• [YOUR OBJECTIVE] A faithful copy of the data is the goal; set it down exactly, without the images.

• [TASK MATERIAL]
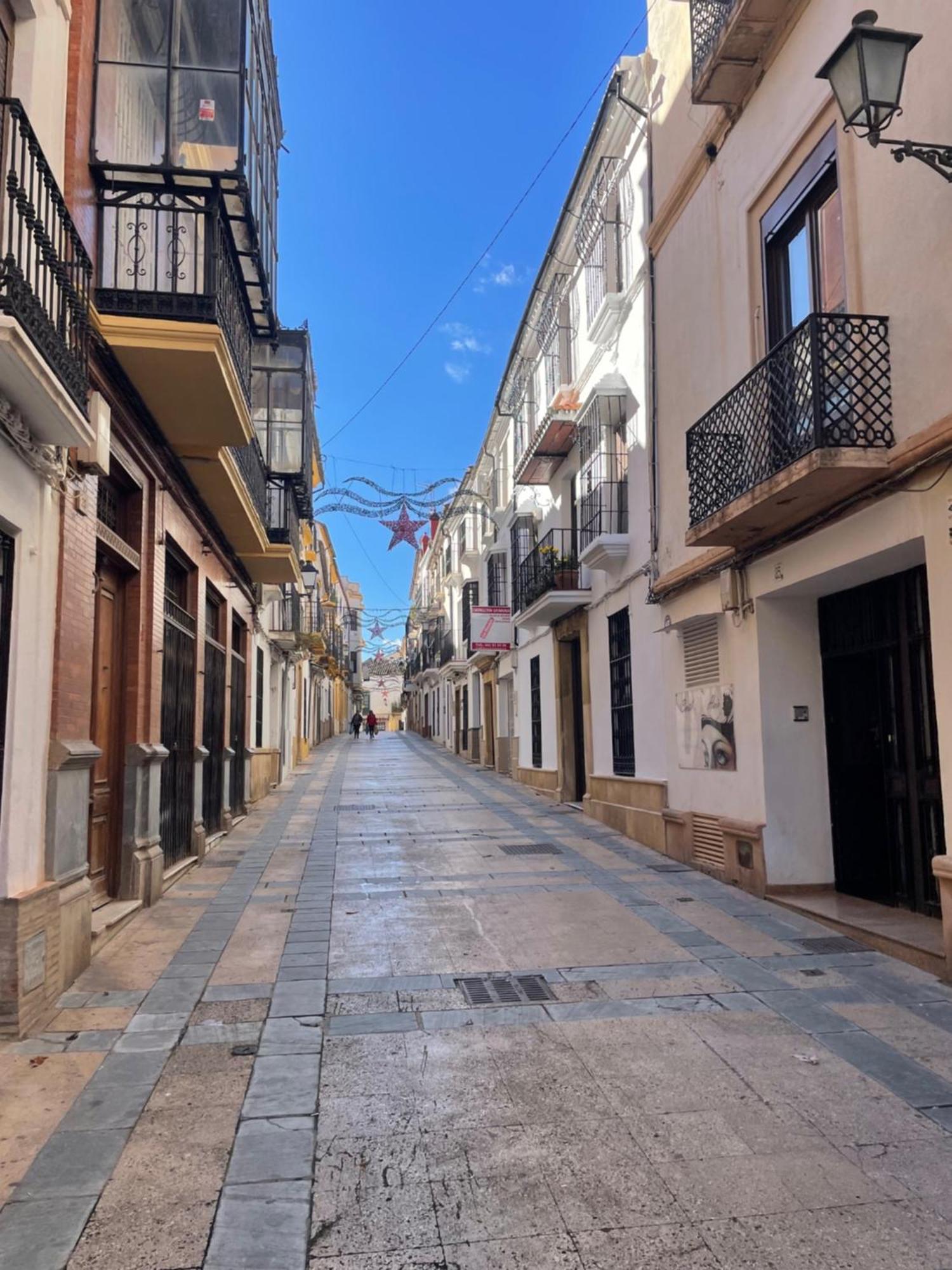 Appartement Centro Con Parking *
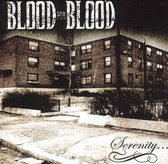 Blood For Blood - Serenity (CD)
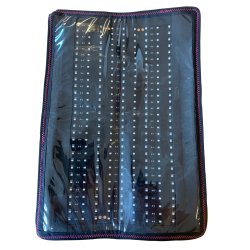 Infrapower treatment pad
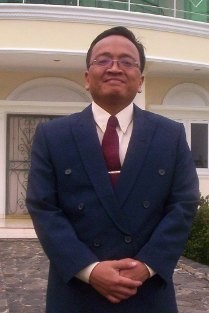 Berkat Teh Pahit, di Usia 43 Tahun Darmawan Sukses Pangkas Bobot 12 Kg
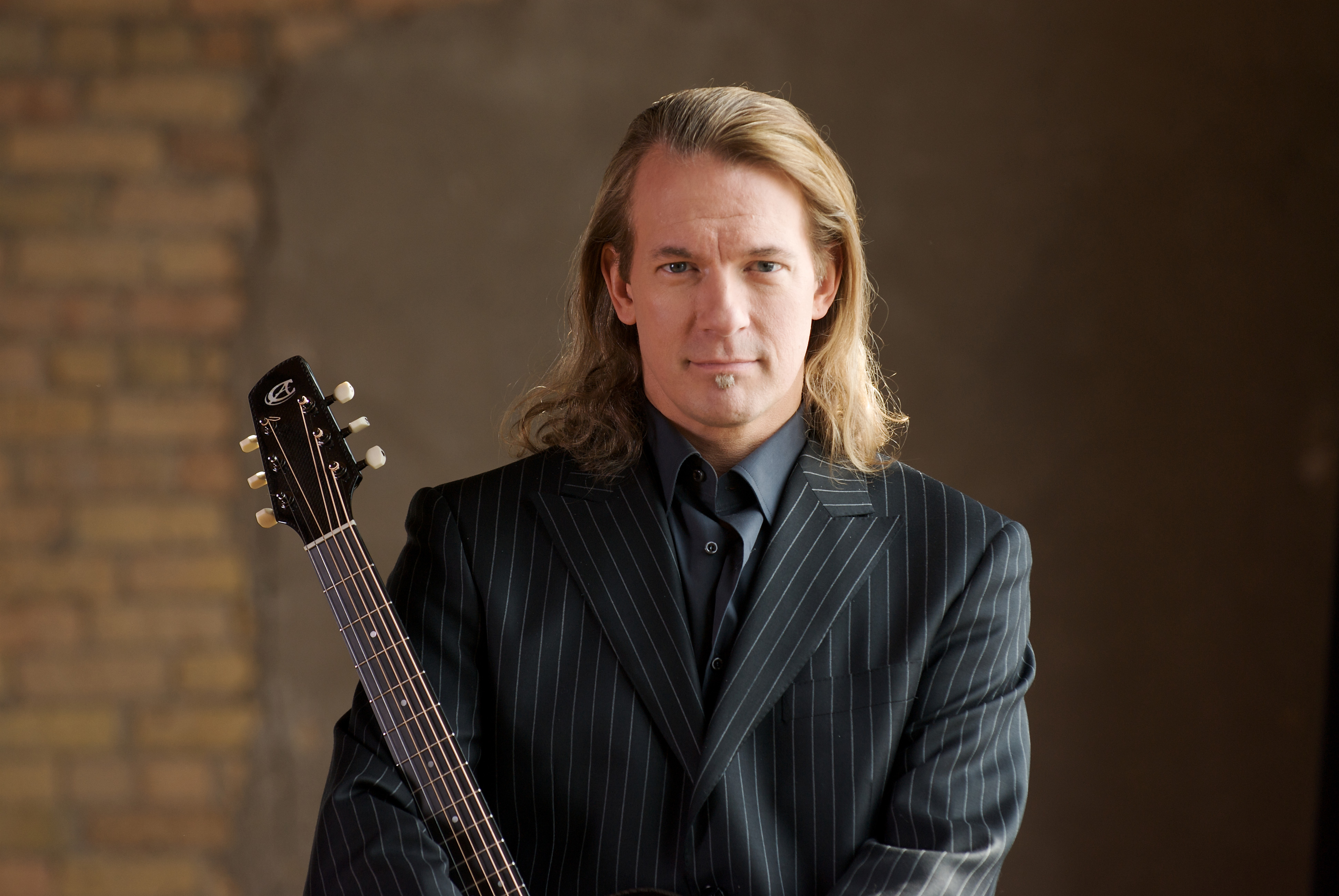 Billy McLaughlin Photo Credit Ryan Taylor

• [TASK RESPONSE]
 Appartement Centro Con Parking *
 Blood For Blood - Serenity (CD)
 Infrapower treatment pad
 Berkat Teh Pahit, di Usia 43 Tahun Darmawan Sukses Pangkas Bobot 12 Kg
 Billy McLaughlin Photo Credit Ryan Taylor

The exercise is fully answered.